#### [The problem]
Look through the data below and extract, unchanged, the lines from the one that contains "vidaXL Table de" to the one that contains "TOCARE Deer Paint", both included.

#### [The data]

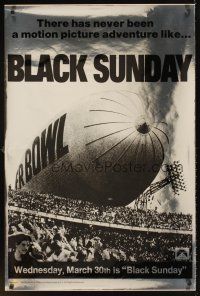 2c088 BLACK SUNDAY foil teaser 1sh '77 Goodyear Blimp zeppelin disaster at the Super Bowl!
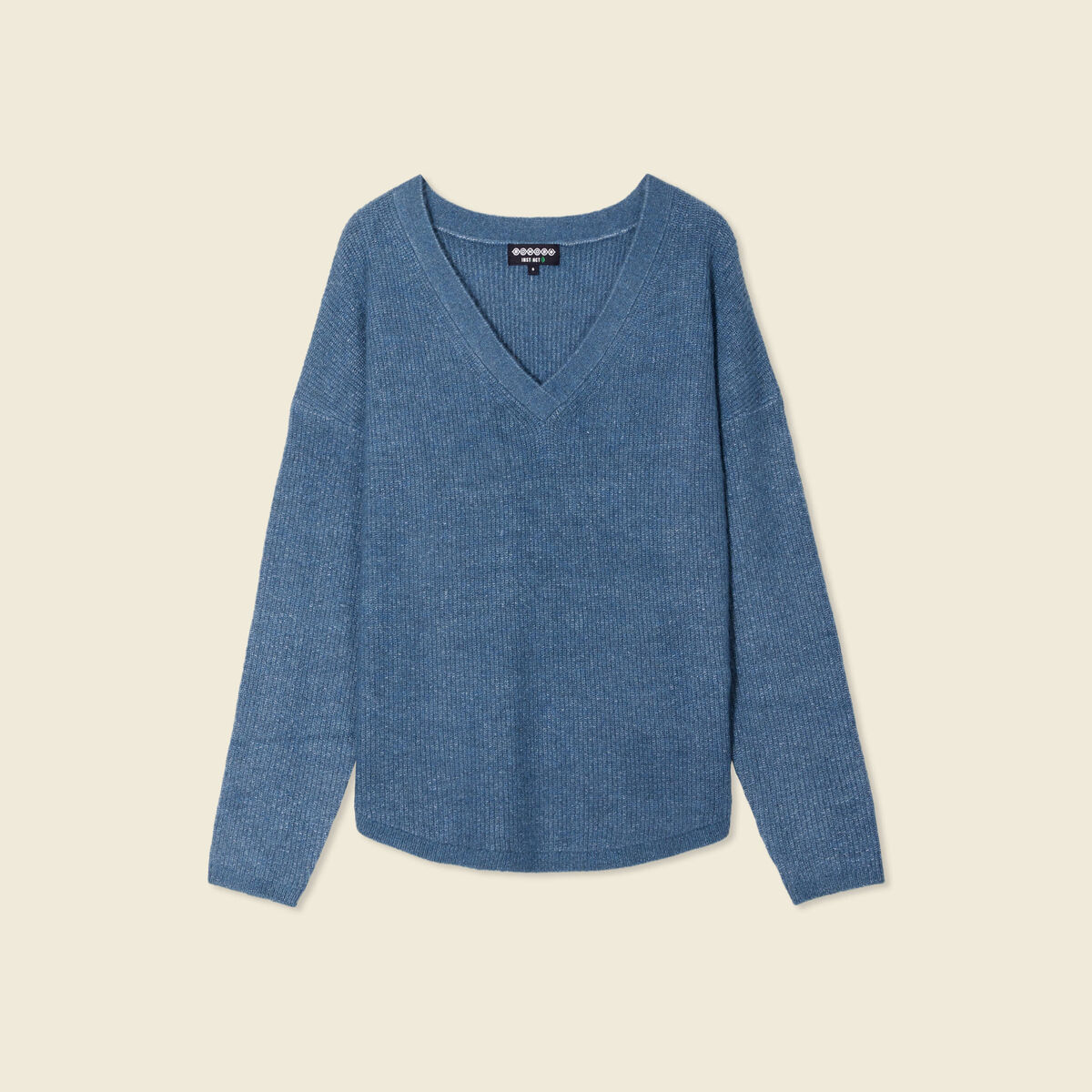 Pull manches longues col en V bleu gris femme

* * *

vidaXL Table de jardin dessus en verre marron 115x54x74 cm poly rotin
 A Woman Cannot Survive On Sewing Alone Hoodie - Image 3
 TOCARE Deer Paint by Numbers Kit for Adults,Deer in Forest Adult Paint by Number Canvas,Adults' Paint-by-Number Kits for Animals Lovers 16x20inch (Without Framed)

#### [Solution for this problem]
vidaXL Table de jardin dessus en verre marron 115x54x74 cm poly rotin
 A Woman Cannot Survive On Sewing Alone Hoodie - Image 3
 TOCARE Deer Paint by Numbers Kit for Adults,Deer in Forest Adult Paint by Number Canvas,Adults' Paint-by-Number Kits for Animals Lovers 16x20inch (Without Framed)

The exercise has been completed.